But the next day, Friday, my neck and shoulders were still feeling prickly and horribly stiff.  Wow, this episode was a doozy.  But I smiled, knowing I had a massage booked for later that night.  Relief!

Last month I had a massage for the first time in years.  And I’m going to try to get one once a month and see if this can bring some relief to my neck and shoulders which seem to have the weight of the world on them.  Turns out that in the month since my first massage with J, she is now completely mobile.  She brings her massage table, blankets, music and everything to her clients’ houses!  So hmmmm, this was going to be an interesting change.

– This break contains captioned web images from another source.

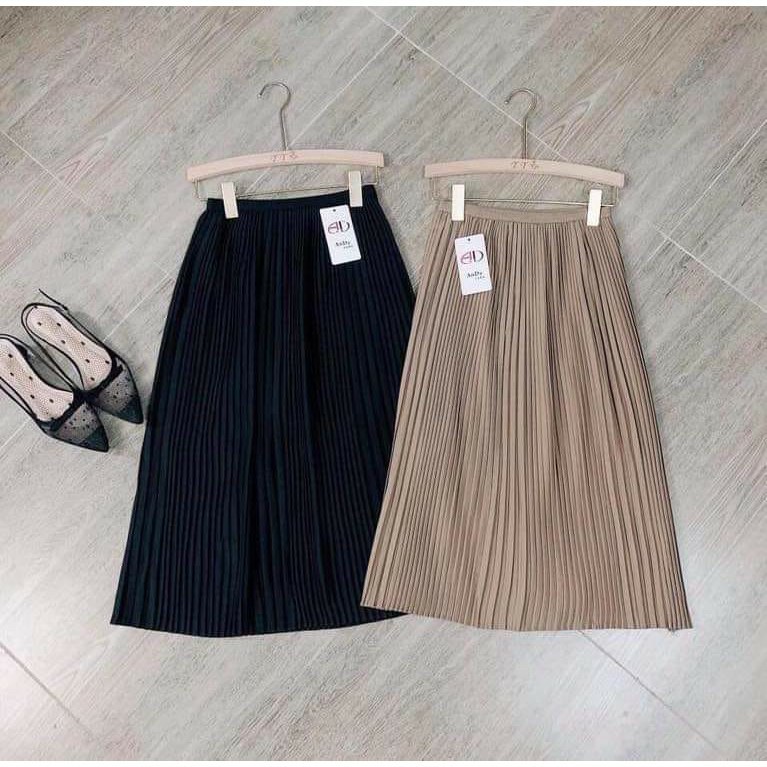 (Bigsize)Chân váy midi xếp li dập nhỏ qccc 50-70kg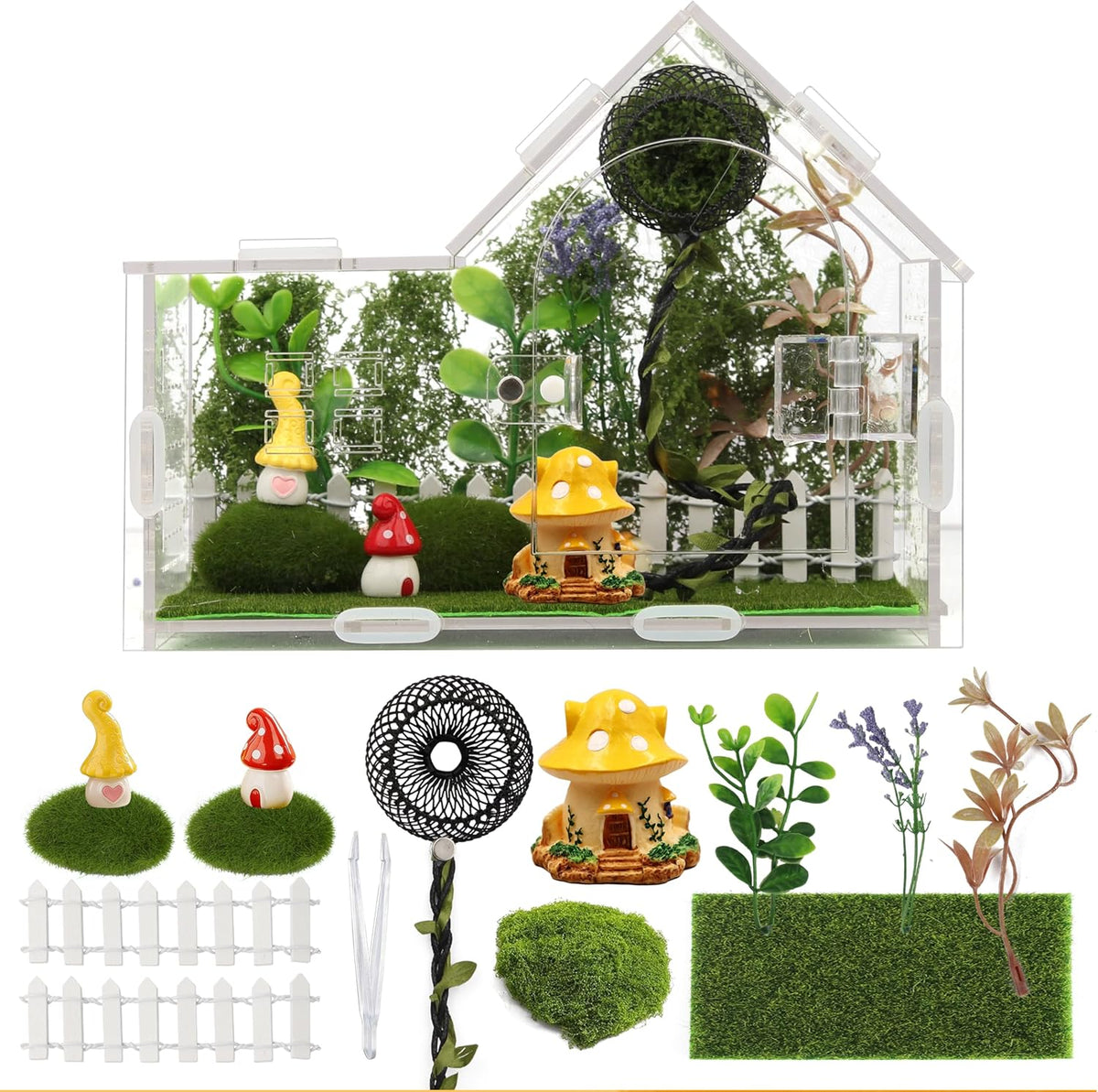 Acrylic Jumping Spider Enclosure Kit 19PCS with Decor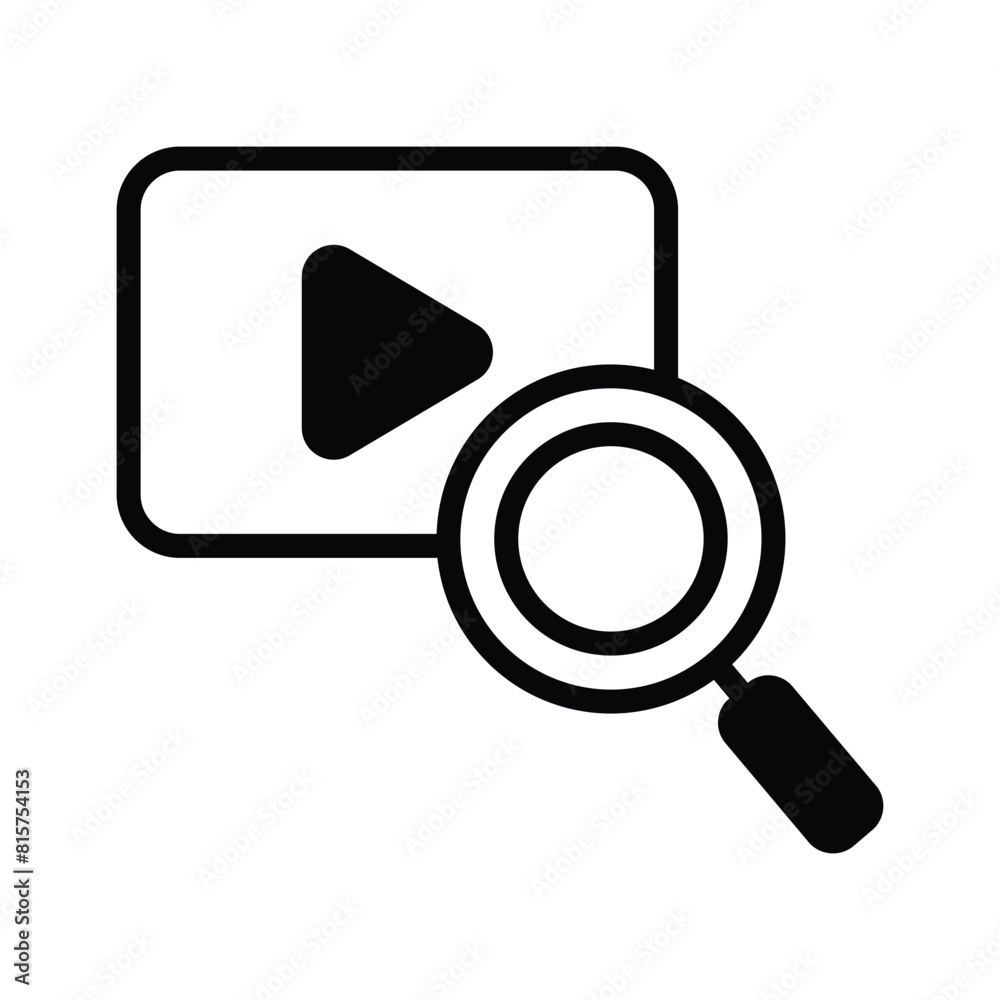Video player with magnifier, concept icon of video search Video player with magnifier, concept icon of video search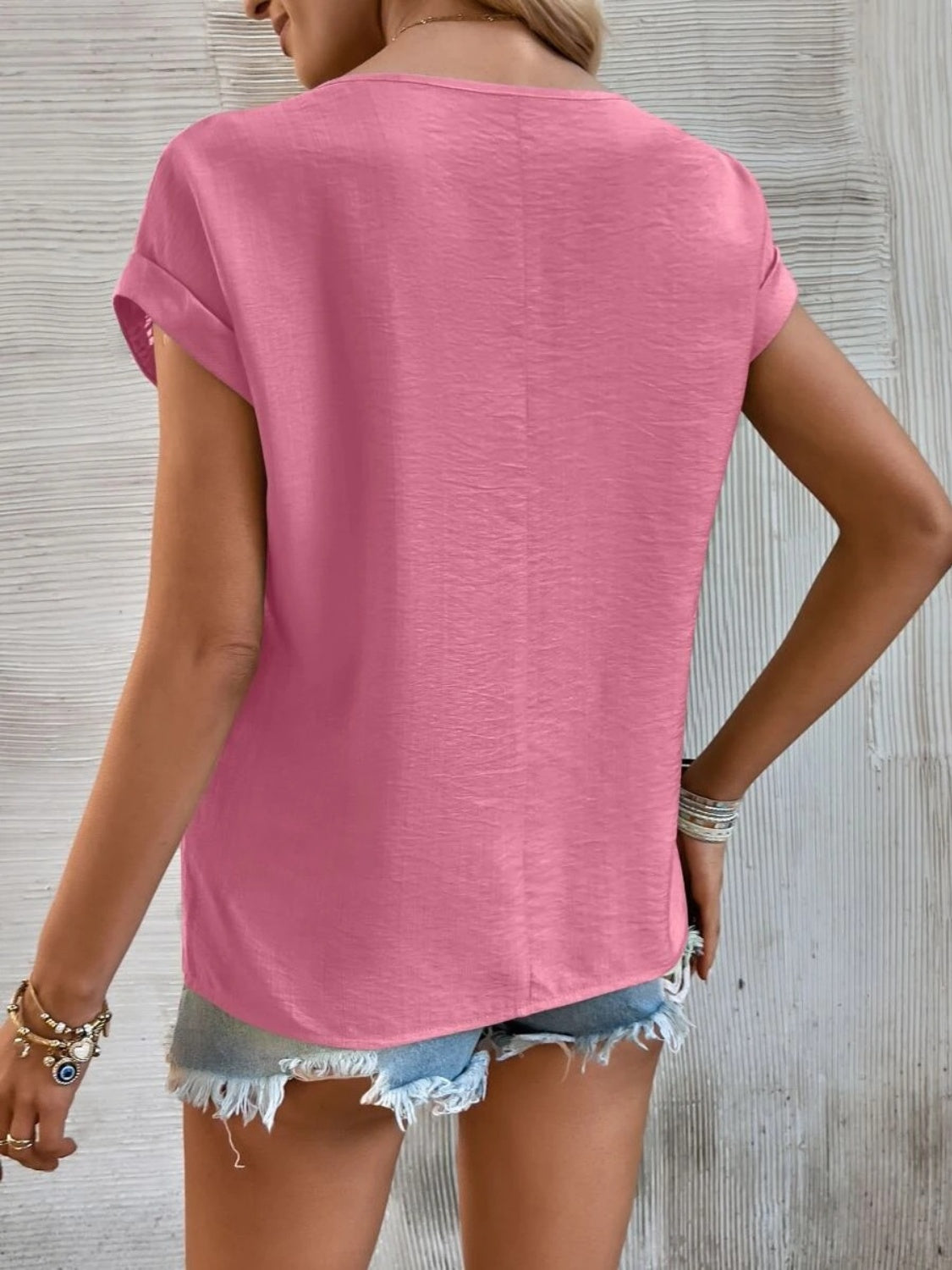 Cutout Round Neck Short Sleeve Top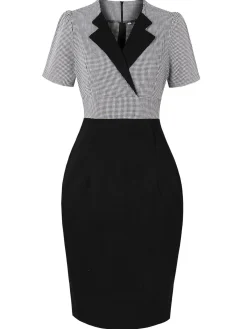 Fashion Retro Stage 1960s Lapel Shepherd Check Patchwork Dress Black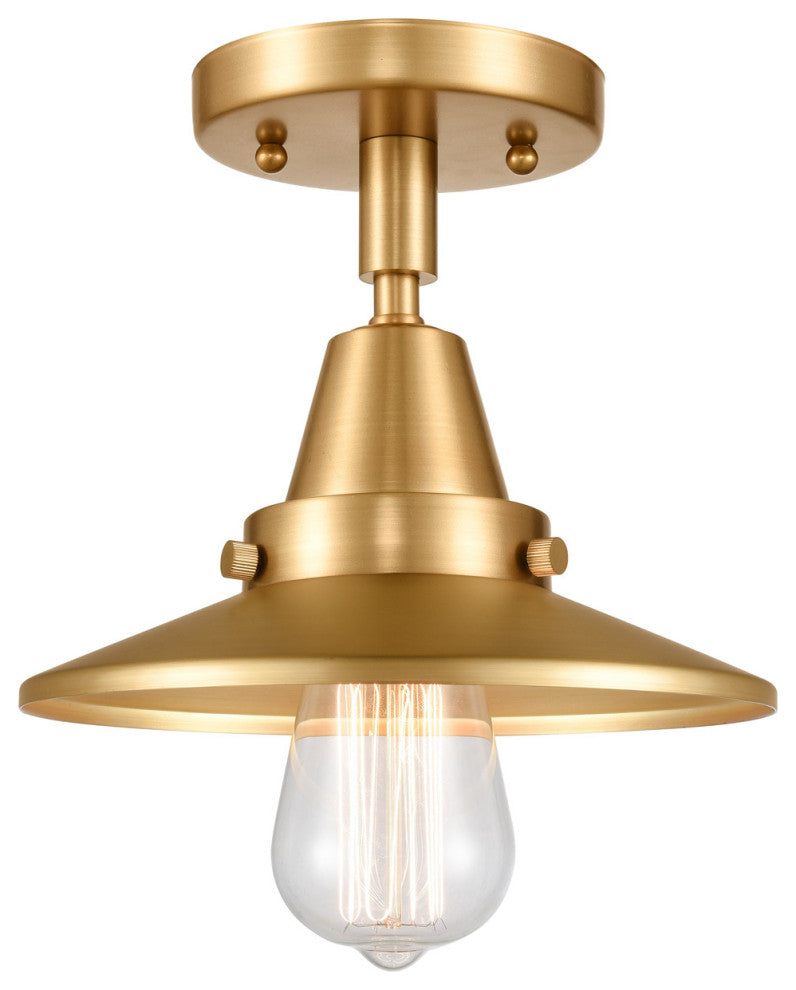 Innovations 447-1C-SG-M4-LED Railroad 1 Light 8" Flush Mount, Satin Gold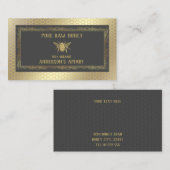 ヴィンテージ高級金ゴールドミツバチ蜂蜜/養蜂場/養蜂場 名刺 (正面/裏面)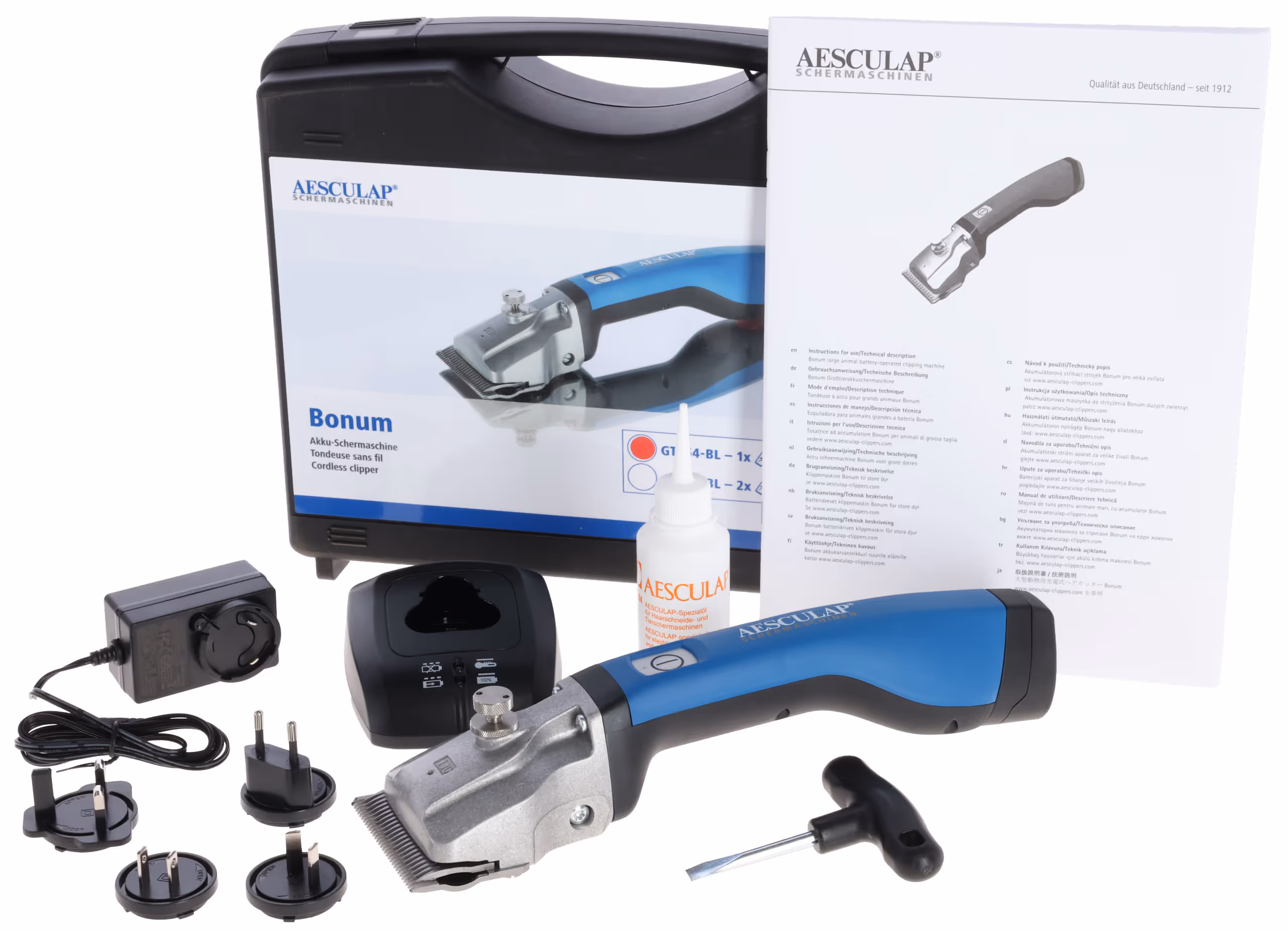 Tondeuse Aesculap Bonum Equins, bleu, 1 batterie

I told her about my migraine episode the day before, and we agreed we’d spend the whole hour just working on my back, shoulders, pecs and scalp, not the whole body.  She set up her table in my living room meanwhile and then went into my powder room to wait for me to disrobe and get under the blankets.  Before doing this I laughed and said you know, this is a little weird being naked in my living room.  She laughed as well and said lots of her clients make that same comment!  And it’s true!  I live in a townhouse so all bedrooms are upstairs.  I’m rarely naked down on the main level in the living room, dining room or kitchen (but when I am there is always a guy involved, heh).  OK…anyway back on track here.

J gave a wonderful massage.  At first I had a hard time relaxing because, well, here I was naked in my living room (under blankets) on a massage table which was a first for me…and I realized that I prefer getting massages where I’m not in my home.  For awhile my mind was racing as I pondered everything in the living room, even with my eyes closed in the face cradle…did I dust that coffee table?  Man, I need a new TV.  Should I get new pillows for the sofa?  And on and on.  Finally, I was able to just breathe deeply and enjoy the massage.  J explained that our blood vessels constrict during a migraine, so the massage is a great antidote to increase blood flow back to my scalp, neck and shoulders. I felt so incredibly relaxed when she was done…and refreshed…and taller! 

Now, have I ranted enough about how bad the weather is in June in the Seattle area?  We call it “June-uary” actually.  And we joke that summer does not officially start until July 5th.  Yep, AFTER the fireworks shows on the 4th, which often have to adjust for lower altitudes, otherwise the fireworks will get lost in the thick, grey clouds.  Kind of sad, right?  Well, this June has been pretty crappy, save for a few sunny days.

I woke up yesterday, showered and headed out to the salon for a haircut.  I remember driving into the city and thinking wow, those are some angry black clouds on the horizon.  It wasn’t raining, however.

Fast forward an hour and the skies opened up.  Torrential, pouring rains…and wind.  We got over an inch of rain in about two hours, so say the news folks.  Unbelievable!  I was so relieved I had parked in the garage under the building where my hair salon is.  I had no coat and no umbrella…I would have been soaked through, not to mention ruined my freshly styled hair!

I slipped my parking validation ticket into the machine at the garage exit.  The garage had closed so there was no one around, and there is a chain type of door that raises and lowers automatically just like a garage door.  It opened as I drove up and I remember thinking I should wait until it completely opened, as I’m not the best judge of space and distance.

But when the garage chain door finished opening, it immediately starting closing!  I had a brief moment of panic…do I go for it or just wait for it to close and ring the attendant?

I floored my car and squealed out of there.  Keep in mind there is a very sharp turn immediately coming out of the garage, so I lurched forward and prayed the chain door would not hit my car on the way out.  And immediately got blasted with the heavy rain pouring down.  Man, I am such a dumbass sometimes.  The car and I got out of the garage just fine.

And while we’re on the topic of dumbass, I got home and realized I’d left my master bedroom window open for some fresh air.  This was long before the rains came pounding through.  Now I had soaked wood blinds and a flooded window sill!  Damn!!  Water drops were hanging off the wood.  I immediately grabbed a towel and carefully started mopping up what I could.  Ugh.  Thank goodness for that small wet/dry vac I picked up when L and I started the popcorn ceiling scraping project.  Who in the hell leaves a south-facing window open on a day like that?  Oh wait…that was me.  After vacuuming up what water I could from the window sill it was full again after an hour.  Geez we got soaked.

I’m so ready for a pain-free and dry week ahead!